The year before Glory was released, historian Eric Foner authored the definitive work on Reconstruction, aptly titled Reconstruction: America’s Unfinished Revolution. Foner, like John Hope Franklin before him, battled the Lost Cause ideology and won. Foner’s work helped usher in a modern view of the years that immediately followed the war. Reconstruction was a grand ideal that died in infancy. Many of the four million freed men traded iron shackles for unbreakable contracts formatted by white plantation owners to keep former slaves working for them. The de facto segregation that exists today can be linked to the failure of Reconstruction. In 2010, Eric Foner’s study of Abraham Lincoln’s changing views on the issue of slavery, The Fiery Trial, went on to win the Pulitzer Prize for history.

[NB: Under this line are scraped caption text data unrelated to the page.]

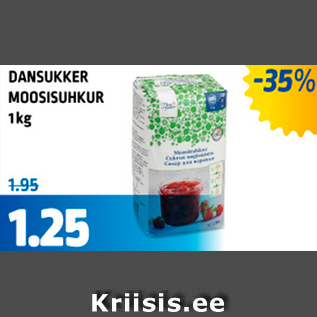 Allahindlus - DANSUKKER MOOSISUHKUR, 1 KG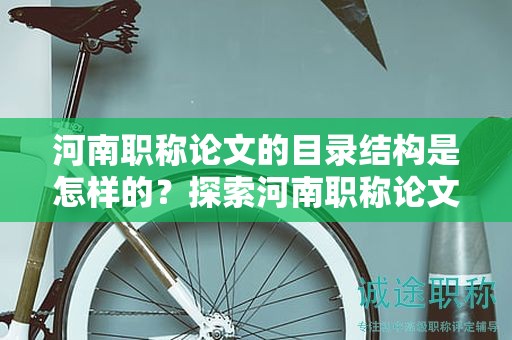 河南職稱論文的目錄結(jié)構(gòu)是怎樣的？探索河南職稱論文的目錄布局
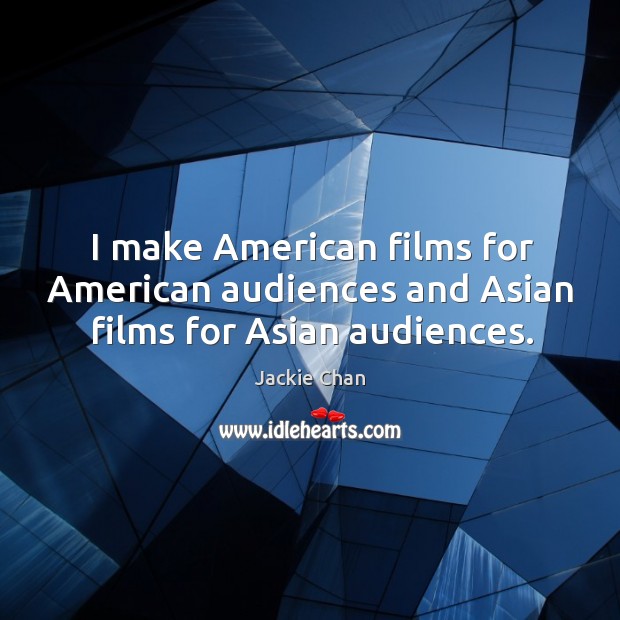 I make American films for American audiences and Asian films for Asian audiences. Jackie Chan Picture Quote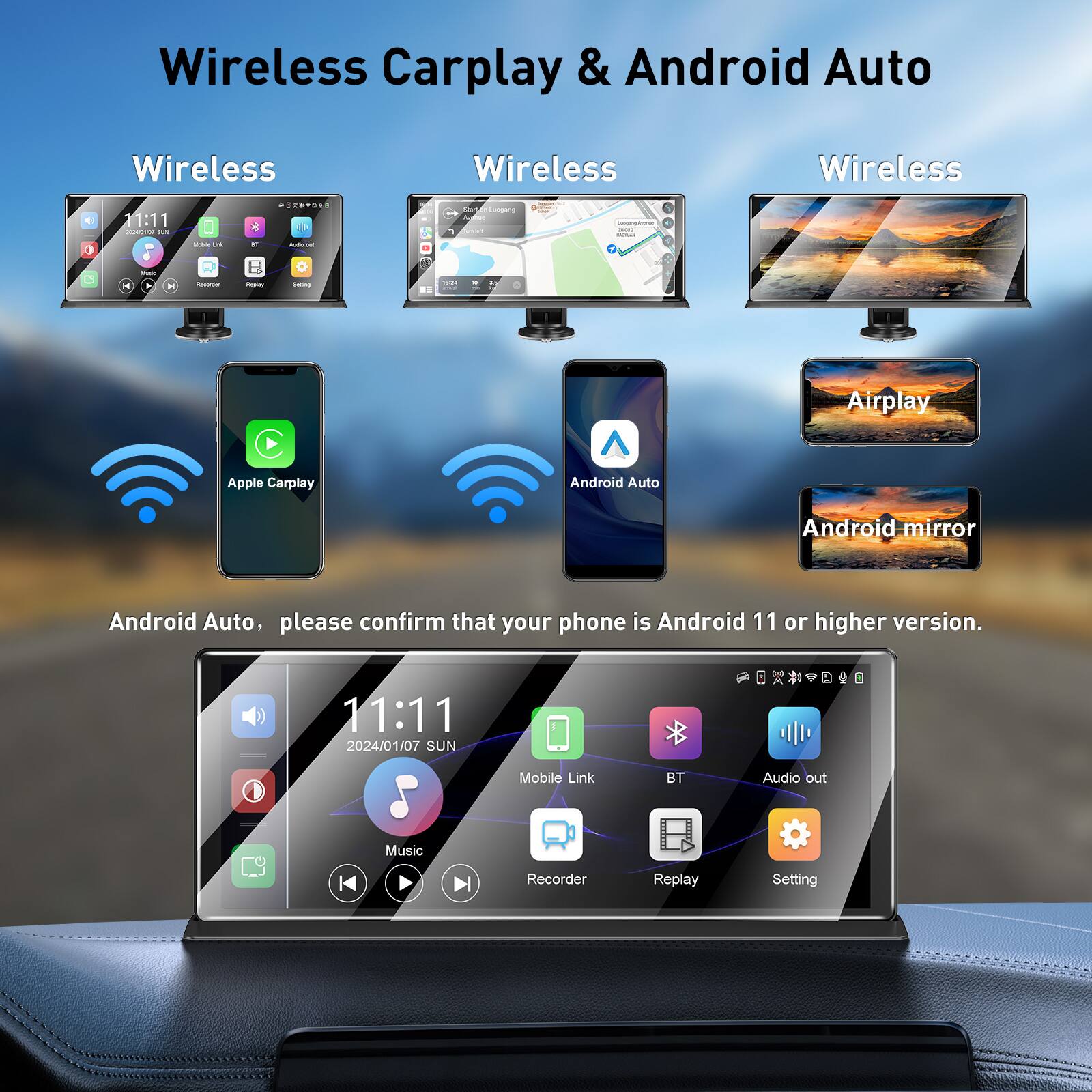 Wireless Carplay & Android Auto

Wireless
Wireless
Wireless

Apple Carplay
Android Auto
Airplay
Android mirror

Android Auto, please confirm that your phone is Android 11 or higher version.

11:11
2024/01/07 SUN

Music
Mobile Link
BT
Audio out
Recorder
Replay
Setting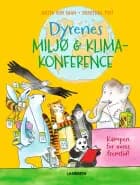 Dyrenes miljø og klimakonference af Anita van Saan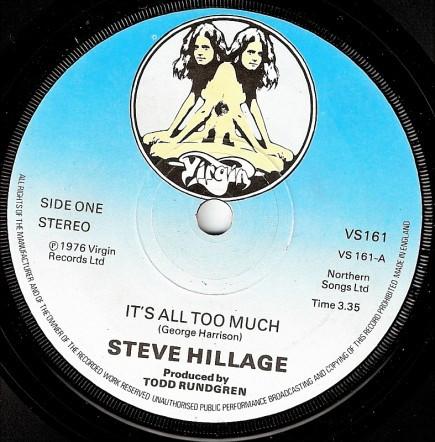 

7inch Record STEVE HILLAGE - It s All Too Much VS161 Virgin 1976 UK Rock Used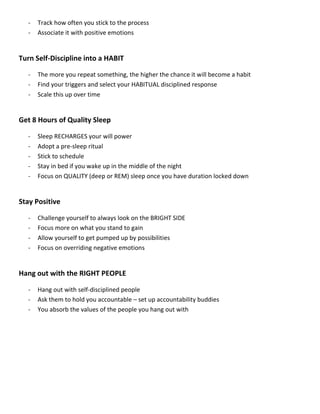 - Track how often you stick to the process
- Associate it with positive emotions
Turn Self-Discipline into a HABIT
- The more you repeat something, the higher the chance it will become a habit
- Find your triggers and select your HABITUAL disciplined response
- Scale this up over time
Get 8 Hours of Quality Sleep
- Sleep RECHARGES your will power
- Adopt a pre-sleep ritual
- Stick to schedule
- Stay in bed if you wake up in the middle of the night
- Focus on QUALITY (deep or REM) sleep once you have duration locked down
Stay Positive
- Challenge yourself to always look on the BRIGHT SIDE
- Focus more on what you stand to gain
- Allow yourself to get pumped up by possibilities
- Focus on overriding negative emotions
Hang out with the RIGHT PEOPLE
- Hang out with self-disciplined people
- Ask them to hold you accountable – set up accountability buddies
- You absorb the values of the people you hang out with
 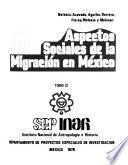 Aspectos sociales de la migración en México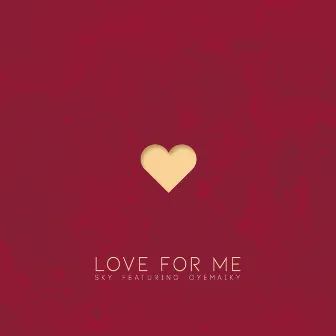 Love For Me by Sky Blaqq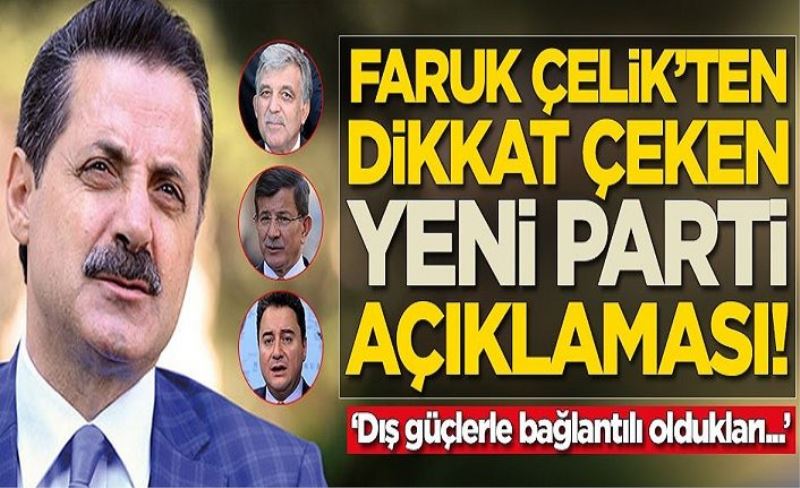 Faruk Çelik'ten Abdullah Gül, Ali Babacan ve Ahmet Davutoğlu açıklaması!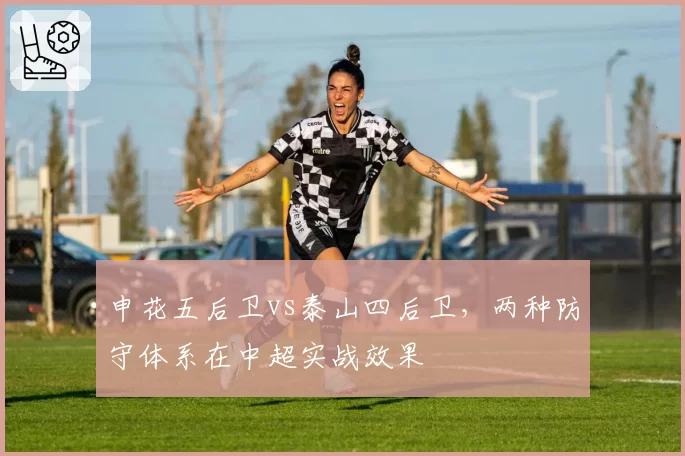 申花五后卫vs泰山四后卫,两种防守体系在中超实战效果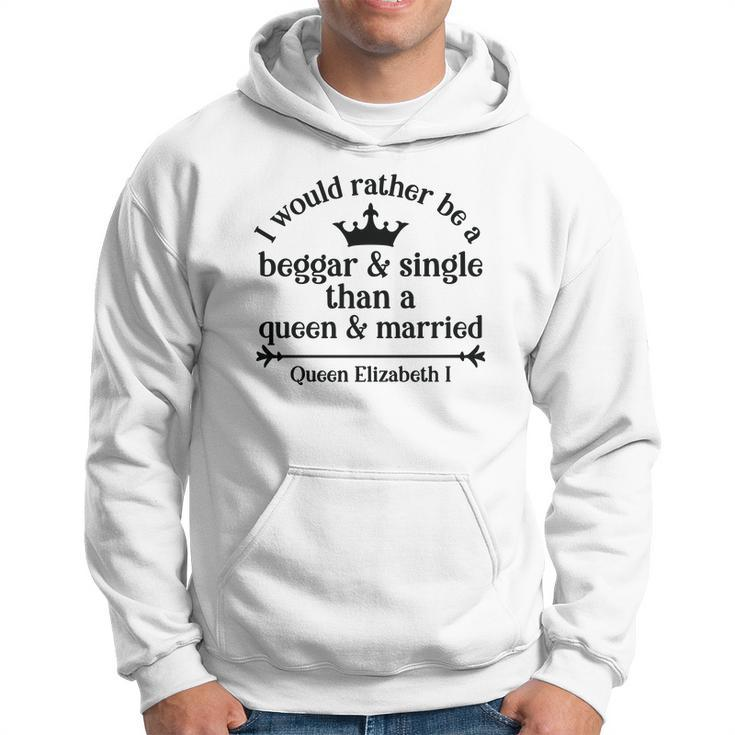 Queen Elizabeth I Quotes I Would Rather Be A Beggar And Single Than A Queen And Married Men Hoodie Graphic Print Hooded Sweatshirt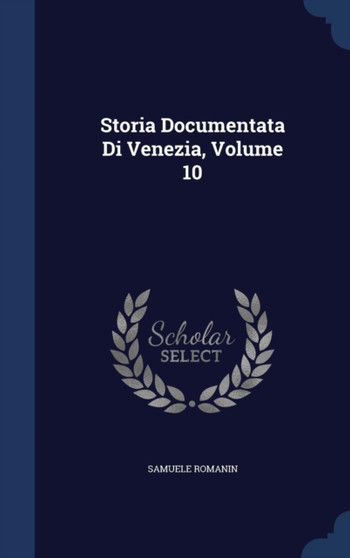 Storia Documentata Di Venezia, Volume 10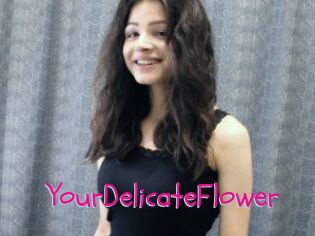 YourDelicateFlower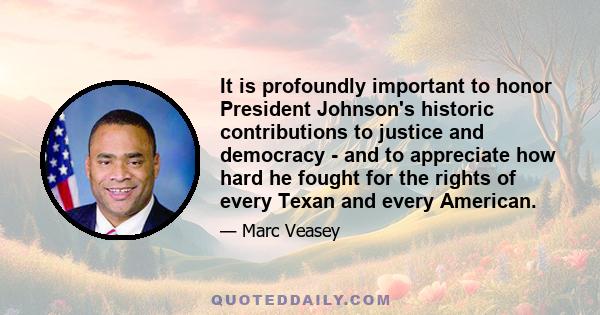 It is profoundly important to honor President Johnson's historic contributions to justice and democracy - and to appreciate how hard he fought for the rights of every Texan and every American.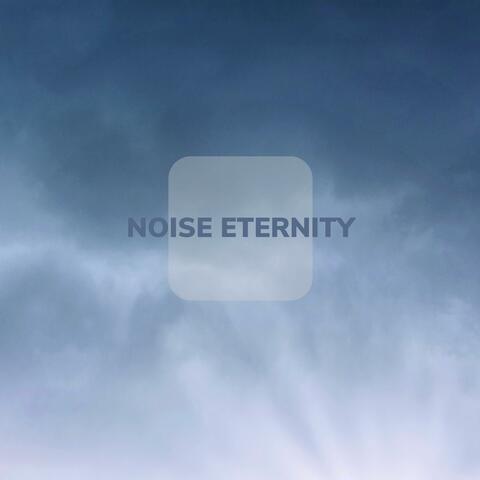 Noise Eternity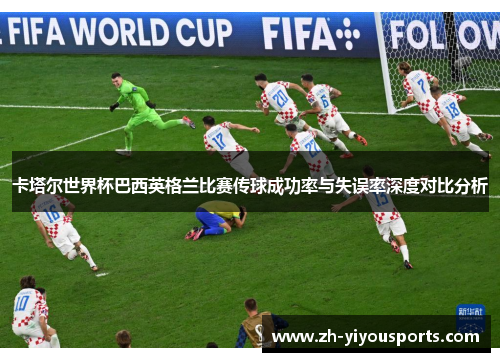 卡塔尔世界杯巴西英格兰比赛传球成功率与失误率深度对比分析 卡塔尔世界杯巴西英格兰比赛传球成功率与失误率深度对比分析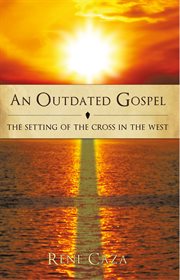 An outdated gospel. The Setting of the Cross in the West cover image cdn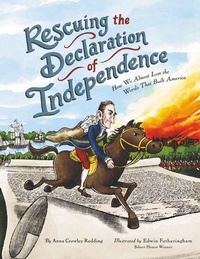Enlarge image Cover: Rescuing the Declaration of Independence: How We Almost Lost the Words that Built America - HarperCollins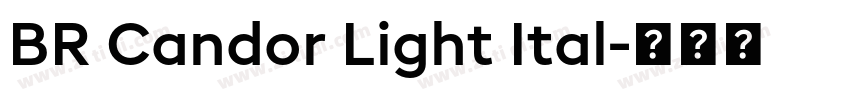 BR Candor Light Ital字体转换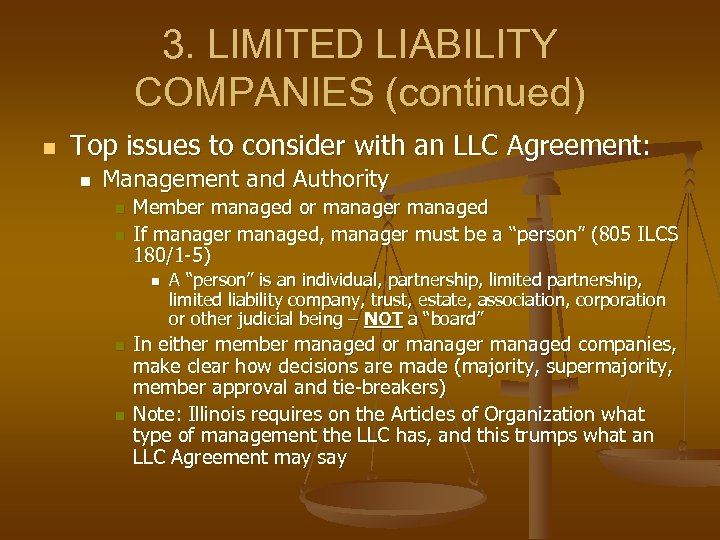 3. LIMITED LIABILITY COMPANIES (continued) n Top issues to consider with an LLC Agreement: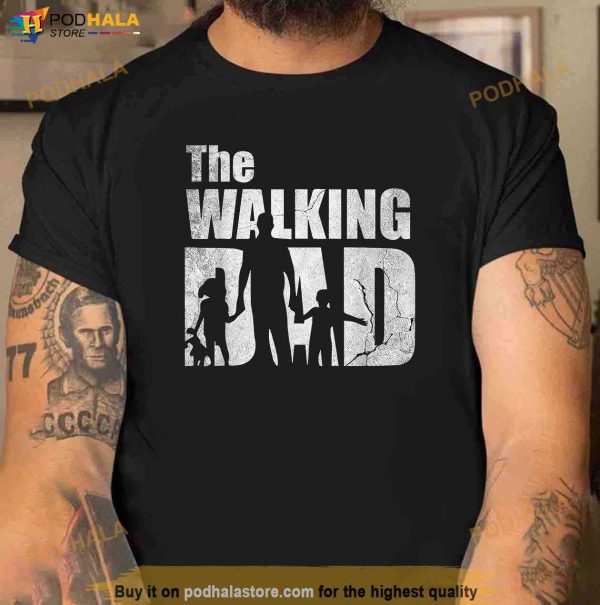 The Walking Dad Fathers Day Shirt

At the same time, Steven Spielberg was ramping up efforts to make his new film chronicling the 16th President’s efforts to pass the 13th Amendment.

Lincoln, as it was finally titled, found its historical basis from Doris Kearns Goodwin’s popular study of Lincoln’s political aptitude in Team of Rivals. The book and its author made the television rounds during the 2008 Presidential election amid the speculation surrounding President-Elect Obama’s first term cabinet. The film version was released four years later as a message to the President and a dysfunctional congress to put differences aside and work together. Daniel-Day Lewis’s immersive portrayal of Lincoln separates Spielberg’s Civil War film from any that had come before. Lewis’s performance marks an outstanding achievement in acting. The rest of the film is meandering, intermediately enlivened by the appearance of Tommy Lee Jones’s bombastic characterization of the radical Republican, Thaddeus Stevens. Spielberg includes some trademark saccharine moments in the film to highlight the importance of Lincoln and the necessity of the 13th Amendment. The beginning of the film opens with Lincoln entertaining two African-Americans soldiers. The President’s appearance allows the two soldiers to recite the famed Gettysburg address. Moments such as this are filtered throughout the film, but reiterate that the Civil War was a fight over slavery. Lincoln must choose between accepting Confederacy delegates for a peace treaty or allowing the war to continue and pass the 13th Amendment.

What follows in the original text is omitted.